Il convient donc de constater, au regard des pièces produites, que la demande provisionnelle ne se heurte à aucune contestation sérieuse.
Par ailleurs, au regard des délais écoulés depuis la résiliation du bail, il convient de constater que l’urgence est caractérisée.
Il y a donc lieu de condamner Monsieur [K] [C] à payer à la SCI IRIS la somme provisionnelle totale de 5.612,37 euros au titre des loyers et charges impayés afférents au bail professionnel et au bail de location de parking selon décomptes arrêtés à la date du 21 mars 2025, augmenté des intérêts légaux à compter de la sommation de payer du 15 novembre 2024 et jusqu’à parfait réglement.
* Sur les dépens de l’instance
Conformément à l’article 696 du code de procédure civile : « La partie perdante est condamnée aux dépens, à moins que le juge, par décision motivée, n’en mette la totalité ou une fraction à la charge d’une autre partie ».
Partie succombante, Monsieur [K] [C] sera tenu aux entiers dépens de l’instance, en ce compris le coût de la sommation de payer.
* Sur les frais irrépétibles
Conformément à l’article 700 du code de procédure civile : « Le juge condamne la partie tenue aux dépens ou qui perd son procès à payer : 1° A l’autre partie la somme qu’il détermine, au titre des frais exposés et non compris dans les dépens (…).
Dans tous les cas, le juge tient compte de l’équité ou de la situation économique de la partie condamnée.

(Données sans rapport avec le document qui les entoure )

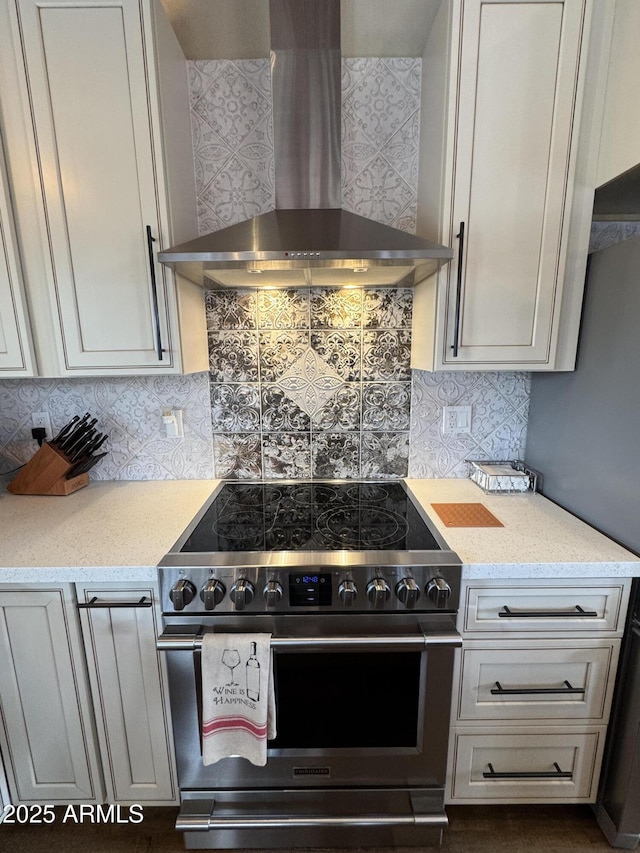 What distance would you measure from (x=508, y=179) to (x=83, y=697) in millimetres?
2027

Il peut, même d’office, pour des raisons tirées des mêmes considérations, dire qu’il n’y a pas lieu à ces condamnations (…). »

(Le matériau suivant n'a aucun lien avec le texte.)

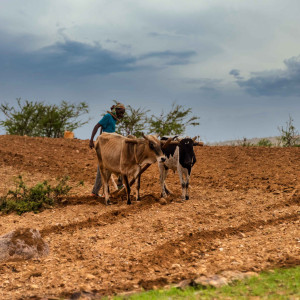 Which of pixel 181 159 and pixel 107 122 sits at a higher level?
pixel 107 122

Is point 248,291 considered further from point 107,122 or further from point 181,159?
point 107,122

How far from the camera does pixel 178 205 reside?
10594 millimetres

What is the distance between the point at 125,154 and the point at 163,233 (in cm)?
239

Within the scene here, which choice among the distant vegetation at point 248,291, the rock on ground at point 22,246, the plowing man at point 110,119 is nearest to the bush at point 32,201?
the plowing man at point 110,119

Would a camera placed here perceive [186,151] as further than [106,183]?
No

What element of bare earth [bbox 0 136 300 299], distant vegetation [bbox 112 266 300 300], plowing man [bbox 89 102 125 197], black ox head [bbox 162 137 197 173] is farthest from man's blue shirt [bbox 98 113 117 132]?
distant vegetation [bbox 112 266 300 300]

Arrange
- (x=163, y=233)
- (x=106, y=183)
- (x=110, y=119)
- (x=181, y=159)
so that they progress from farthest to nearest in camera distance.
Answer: (x=110, y=119) < (x=106, y=183) < (x=181, y=159) < (x=163, y=233)

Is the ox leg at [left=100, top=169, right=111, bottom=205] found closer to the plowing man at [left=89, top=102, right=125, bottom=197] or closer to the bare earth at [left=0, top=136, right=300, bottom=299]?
the bare earth at [left=0, top=136, right=300, bottom=299]

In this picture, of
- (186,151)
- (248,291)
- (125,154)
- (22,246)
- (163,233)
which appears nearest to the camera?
(248,291)

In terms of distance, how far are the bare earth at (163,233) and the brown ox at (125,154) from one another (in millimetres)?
857

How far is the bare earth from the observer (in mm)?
6512

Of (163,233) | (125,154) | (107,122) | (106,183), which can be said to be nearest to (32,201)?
(106,183)

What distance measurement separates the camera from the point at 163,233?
8.66 meters

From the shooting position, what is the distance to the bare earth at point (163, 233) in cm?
651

L’équité commande de condamner Monsieur [K] [C] à payer la somme de 1.000 euros à la SCI IRIS.
PAR CES MOTIFS,
Nous, Monsieur Robin PLANES, premier vice président adjoint du tribunal judiciaire de TOULOUSE, statuant en qualité de juge des référés, publiquement, par mise à disposition au greffe, par ordonnance contradictoire et en premier ressort,
AU PRINCIPAL, RENVOYONS les parties à se pourvoir ainsi qu’elles aviseront, mais d’ores et déjà et vu l’urgence :
CONDAMNONS Monsieur [K] [C] à payer à la SCI IRIS la somme provisionnelle totale de 5.612,37 euros (CINQ MILLE SIX CENT DOUZE EUROS ET TRENTE SEPT CENTIMES) au titre des loyers et charges impayés afférents au bail professionnel et au bail de location de parking selon décomptes arrêtés à la date du 21 mars 2025, augmenté des intérêts légaux à compter de la sommation de payer du 15 novembre 2024 et jusqu’à parfait réglement;
CONDAMNONS Monsieur [K] [C] à verser à la SCI IRIS une somme de 1.000 euros (MILLE EUROS) sur le fondement de l’article 700 du code de procédure civile ;
REJETONS toutes autres ou tous surplus de prétentions ;
CONDAMNONS Monsieur [K] [C] aux entiers dépens de la présente instance, en ce compris le coût de la sommation de payer ;
RAPPELONS que la présente décision est exécutoire de droit.
Ainsi jugé et mis à disposition le 25 novembre 2025.